The Rise Of Facial Recognition Technology – What Does It Mean For Our Security?

Oxford Circus is one of the capital’s location which recently adopted the new technology built to track down potential offenders by comparing facial features. 

On February 20th 2020, Met Police announced on Twitter that it used live facial recognition technology at busy locations in Westminster. The individuals seen by the cameras would be compared to faces of suspected criminals and, if there is a match, the police would stop them to verify it. 

The police reassured worried citizens that “This technology helps keep Londoners safe”. On the other hand opposers, like Big Brother Watch, highlight that “It’s alarming to see biometric mass surveillance being rolled out in London”. 

Big Brother Watch is a non-profit organisation that focusses on protecting privacy and freedoms during an increasingly virtual world. They claim to “work to roll back the surveillance state and protect rights in parliament, the media and the courts”. 

During the RUSI (Royal United Services Institute) Annual Security Lecture, Dame Cressida Dick, London’s Police Commissioner, she discredited any misbeliefs regarding the use of Live Facial Recognition (LFR). She explained that it won’t “store your biometric data”, that human professionals will ultimately decide whether to stop a suspect and that LFR “is proven not to have an ethnic bias”. 

The latter claim came after the National Institute of Standards and Technology (NIST) published a 2019 study concluding that LFR algorithms are up to 100 times more likely to falsely identify Asian and African American faces in comparison to Caucasian ones. 

These specific claims relate to the task of ‘one-to-one’ matching, which verifies if technology can pair two different photos of the same person. The most common error consisted of false positives cases, when two people are incorrectly recognised as the same human. 

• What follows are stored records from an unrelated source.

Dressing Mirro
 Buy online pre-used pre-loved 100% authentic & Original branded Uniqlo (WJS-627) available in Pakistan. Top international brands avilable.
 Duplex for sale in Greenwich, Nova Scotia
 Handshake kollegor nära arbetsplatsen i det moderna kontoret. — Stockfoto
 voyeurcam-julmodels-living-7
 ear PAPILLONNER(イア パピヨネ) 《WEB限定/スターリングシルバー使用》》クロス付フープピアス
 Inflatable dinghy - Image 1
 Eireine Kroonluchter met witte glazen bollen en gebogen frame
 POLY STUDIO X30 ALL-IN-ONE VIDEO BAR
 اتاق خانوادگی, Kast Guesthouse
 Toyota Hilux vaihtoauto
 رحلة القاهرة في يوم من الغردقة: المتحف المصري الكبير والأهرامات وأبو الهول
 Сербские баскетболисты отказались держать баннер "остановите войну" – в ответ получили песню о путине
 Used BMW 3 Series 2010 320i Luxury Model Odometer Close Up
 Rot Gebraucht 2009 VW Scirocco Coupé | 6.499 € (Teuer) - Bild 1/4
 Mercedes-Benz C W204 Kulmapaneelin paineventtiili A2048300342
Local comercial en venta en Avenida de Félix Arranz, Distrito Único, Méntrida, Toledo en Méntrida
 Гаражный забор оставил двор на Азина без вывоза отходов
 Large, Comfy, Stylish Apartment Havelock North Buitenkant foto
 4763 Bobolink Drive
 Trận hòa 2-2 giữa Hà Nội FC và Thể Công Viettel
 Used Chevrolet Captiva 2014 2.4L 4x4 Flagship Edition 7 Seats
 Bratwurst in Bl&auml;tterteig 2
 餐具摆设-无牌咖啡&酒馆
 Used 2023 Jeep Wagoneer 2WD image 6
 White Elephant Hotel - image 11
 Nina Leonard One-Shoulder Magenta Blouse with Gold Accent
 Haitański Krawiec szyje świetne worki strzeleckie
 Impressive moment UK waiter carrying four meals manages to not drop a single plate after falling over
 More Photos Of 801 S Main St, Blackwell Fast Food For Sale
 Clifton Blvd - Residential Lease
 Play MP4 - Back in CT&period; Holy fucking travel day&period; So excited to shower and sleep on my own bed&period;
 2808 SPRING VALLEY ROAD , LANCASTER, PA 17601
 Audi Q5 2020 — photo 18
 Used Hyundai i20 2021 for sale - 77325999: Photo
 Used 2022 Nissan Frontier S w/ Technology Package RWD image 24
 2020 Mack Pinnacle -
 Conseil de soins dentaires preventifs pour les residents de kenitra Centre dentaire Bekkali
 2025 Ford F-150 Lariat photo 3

The study tested 189 algorithms from almost 100 companies with photos supplied “by the State Department, the Departments of Homeland Security and the FBI”. NIST is part of the US Department of Commerce and its mission is to further American innovation to ensure high quality of life and financial security

Dame Cressida claims that critics of the technology are “highly ill informed” and that, thanks to LFR, the police has arrested eight suspects. Moreover, she reiterates its importance by saying that the worry of images being stored “feels much, much smaller than my and the public’s vital expectation to be kept safe from a knife through the chest”. 

Not only is LFR being used to identify criminals, but various governments are also deploying it to contain the coronavirus outbreak. For example, Moscow is using it to monitor if individuals defy the quarantine rules and limit the risk of infecting other people. This comes after airplane passengers returning from China were ordered to isolate themselves. 

The use of this technology has attracted both supporters and opposers following the case of a woman escaping the quarantine process from a St. Petersburg hospital. Results of three medical tests showed that  she didn’t have coronavirus. 

Controversy surrounding this advanced technology has also been revived due to Clearview AI’s involvement with mostly US government Departments. The company has been criticised for collecting photos of individuals from social media platforms, such as YouTube, Instagram and Facebook, without them agreeing and/or knowing. 

Clearview AI raised several concerns when its client list was accessed by a hacker, as the Daily Beast announced. The company’s lawyer however reassured the paper saying that “[they] patched the flaw, and continue to work to strengthen [their] security”.